Population recensée : 9 personnes, toutes en H 39.

 

Teodone (H 27. 28). 2 colonicae.

- H 27 : il y a deux mancipia. Le premier a une épouse étrangère. Puis sont signalés une jeune fille célibataire et un « mari ». Le deuxième est célibataire, mais a 5 grands enfants dont un est à rechercher. Doit 2 brebis.

- H 28 : cette colonge est dite inhibi et apsta. Mais sont désignés 2 « fils », puis un « fils » et une « fille » avec ses enfants, tous deux à rechercher.

Ces deux colonges groupées sont difficiles à interpréter quant à leur population.

 

Travigio (H 31). Colonica.

N’est cité qu’un mancipium devant une brebis.

 

Tuda (H 65). Colonica.

Il est d’abord dit que Stephanus la possède.Il a un fils jeune homme et un autre est étudiant. Il doit une brebis. Vient ensuite une femme, Celsa, avec ses enfants, qui est à rechercher. De même pour Ermenbertus. Un autre, Eusebius, est présent, avec ses enfants. Est nommé enfin un mancipium, Maximus, avec son épouse, puis un prêtre avec son épouse et 3 jeunes célibataires.

 

Uledis. Viledis (H 1. 48). 2 colonicae.

- H 1 : il y a deux tenanciers dont le premier est dit accola. Il est marié avec une étrangère. Ils ont un enfant de 5 ans et doivent une brebis. Le deuxième est mancipium, marié, avec 6 enfants. Viennent ensuite 2 jeunes filles et un homme avec ses enfants qui est à rechercher.

- H 48 : la colonge est tenue par un mancipium. Celui-ci est accompagné d’un jeune homme et d’une jeune fille, sans relation de filiation. Il doit le pasquier.

 

Ventonis (H 47. 70). 1 colonica et 1 vercaria.

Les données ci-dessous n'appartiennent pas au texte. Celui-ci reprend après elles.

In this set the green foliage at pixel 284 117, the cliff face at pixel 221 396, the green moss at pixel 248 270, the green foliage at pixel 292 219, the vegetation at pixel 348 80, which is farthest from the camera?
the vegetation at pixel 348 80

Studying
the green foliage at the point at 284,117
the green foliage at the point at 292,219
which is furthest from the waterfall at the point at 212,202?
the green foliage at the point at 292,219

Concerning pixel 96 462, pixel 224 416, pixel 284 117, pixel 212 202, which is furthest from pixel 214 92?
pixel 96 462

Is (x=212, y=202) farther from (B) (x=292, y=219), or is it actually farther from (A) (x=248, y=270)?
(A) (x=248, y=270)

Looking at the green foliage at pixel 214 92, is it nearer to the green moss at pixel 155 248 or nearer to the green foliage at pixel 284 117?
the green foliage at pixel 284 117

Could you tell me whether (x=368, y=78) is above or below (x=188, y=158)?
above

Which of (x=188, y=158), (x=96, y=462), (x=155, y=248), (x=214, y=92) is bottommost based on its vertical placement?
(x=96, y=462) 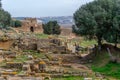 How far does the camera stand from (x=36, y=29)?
8888cm

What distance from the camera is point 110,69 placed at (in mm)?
30844

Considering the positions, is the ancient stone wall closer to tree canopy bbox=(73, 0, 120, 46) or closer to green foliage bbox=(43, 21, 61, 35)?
green foliage bbox=(43, 21, 61, 35)

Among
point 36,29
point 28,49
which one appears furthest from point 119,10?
point 36,29

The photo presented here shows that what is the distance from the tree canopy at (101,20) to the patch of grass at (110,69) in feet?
16.5

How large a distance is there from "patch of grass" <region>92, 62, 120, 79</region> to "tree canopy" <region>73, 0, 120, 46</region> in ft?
16.5

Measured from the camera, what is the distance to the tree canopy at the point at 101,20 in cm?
3691

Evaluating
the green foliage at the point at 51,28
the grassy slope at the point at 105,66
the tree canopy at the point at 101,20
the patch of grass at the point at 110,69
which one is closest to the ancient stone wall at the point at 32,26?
the green foliage at the point at 51,28

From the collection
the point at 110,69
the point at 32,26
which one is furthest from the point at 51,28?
the point at 110,69

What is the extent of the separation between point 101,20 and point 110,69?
7.55 m

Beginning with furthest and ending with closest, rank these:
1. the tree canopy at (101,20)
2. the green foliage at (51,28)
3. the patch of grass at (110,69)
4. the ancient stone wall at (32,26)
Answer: the ancient stone wall at (32,26)
the green foliage at (51,28)
the tree canopy at (101,20)
the patch of grass at (110,69)

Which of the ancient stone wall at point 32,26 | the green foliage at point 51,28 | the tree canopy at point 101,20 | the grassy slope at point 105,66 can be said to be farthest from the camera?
the ancient stone wall at point 32,26

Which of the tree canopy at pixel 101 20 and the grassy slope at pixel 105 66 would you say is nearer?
the grassy slope at pixel 105 66

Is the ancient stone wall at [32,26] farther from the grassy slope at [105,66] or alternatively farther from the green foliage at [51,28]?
the grassy slope at [105,66]

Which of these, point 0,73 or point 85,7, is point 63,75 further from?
point 85,7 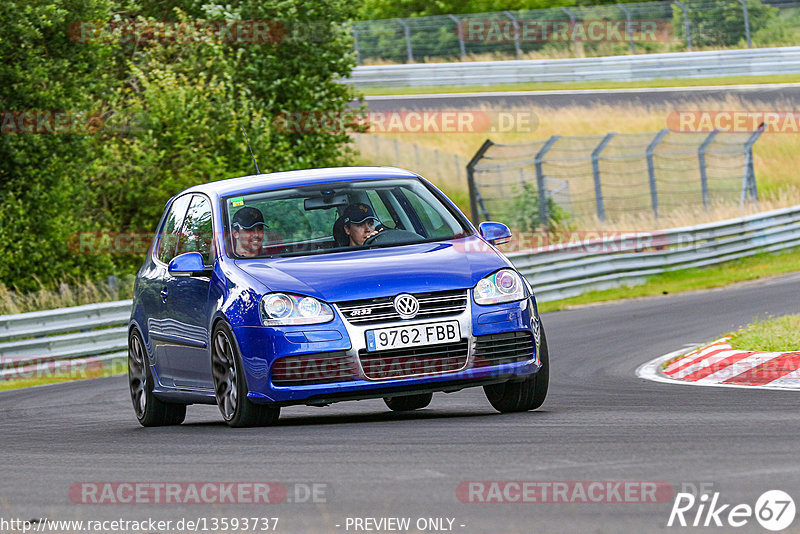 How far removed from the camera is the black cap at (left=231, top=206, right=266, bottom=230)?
9.20 metres

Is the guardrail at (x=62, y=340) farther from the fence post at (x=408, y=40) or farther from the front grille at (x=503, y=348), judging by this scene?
the fence post at (x=408, y=40)

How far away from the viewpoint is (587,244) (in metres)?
22.8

- H 47 : deux mancipia. Le premier est l’époux d’une étrangère. Ils ont un fils de 10 ans. Le deuxième est marié et a deux enfants de 5 et 8 ans.

- H 70 : cette bergerie doit une brebis. Il n’y a pas d’autres renseignements.

_____________________________________

 

[1] Coté H, dans le Tome II, p. 641-649, sous le titre de Description des tenures de l’ager Galadius, faite au temps du seigneur évêque Vualdade (discriptio mancipiorum de agro Galadio, factum temporibus domno Vuadaldo episcopo).

[2] Articles sur le polyptique de Wadalde, dans l’ordre chronologique :

- BLANCARD L. « Le polyptique de Vualdade, évêque de Marseille, étudié du point de vue de la condition des personnes en Provence aux VIIIe et IXe siècles », Mémoires de l’Académie des sciences, belles-lettres et arts de Marseille, 1877-1878, p. 461-499.

- LIEUTAUD V. « Esclangon », Bull. de la Sté Sc. et lit. des BA, 1887-1888, p. 137-151.

- ARBAUD D. « Etude sur le polyptique de Marseille (de l’an 814) ou dénombrement des possessions de l’Eglise de Marseille », Bull. de la Sté Sc. et lit. des BA, 1903, p. 189-203.

- BERGH A. Etudes d’anthroponymie provençale : les noms de personne du polyptique de Wadalde, Göteborg, 1941.

- BALON J. « La donation de la villa Caladius à l’abbaye de Saint-Victor de Marseille », Mélanges Tisset, 1970, p. 15-17.

- SAUZE E. « Le polyptique de Wadalde. Problèmes de toponymie et de topographie provençale au IXe siècle ». Provence Historique, janv-mars 1984, p. 17-21 et 26-33 (sur la Villa Caladius et conclusion)

- CRU Jacques, « Le polyptique de Wadalde (815-814) et l’occupation du sol. L’exemple de la villa Rovagonis, Bastides, bories, hameaux, l’habitat dispersé en Provence, Caco, Mouans-Sartoux, 1986, p. 75 à 96.

[3] Il faut traduire le mot colonica par « colonge » et non par « colonie », du latin colonia. Colonica a, en latin et ici le même sens de « maison de cultivateur, « ferme ». Colonge, Collongue subsistent encore en de nombreux lieux-dits et villages. Pour le latin médiéval consulter NIERMEYER J.F., Mediae Latinitatis lexicon medius, Leiden, 1976.

[4] Le polyptique a classé l’Ager Galadius sous la lettre H suivi d’un numéro, de 1 à 80, pour chaque exploitation. Devant chaque lieu-dit, il faut ajouter la préposition latine in signifiant « à » suivi de l’ablatif que nous avons conservé dans le nom du lieu-dit.

[5] La moyenne par couple s’établit à 3 enfants.

[6] Presbyteratus : à la fois « prêtre » et « cure », ce qui sous-entend une église.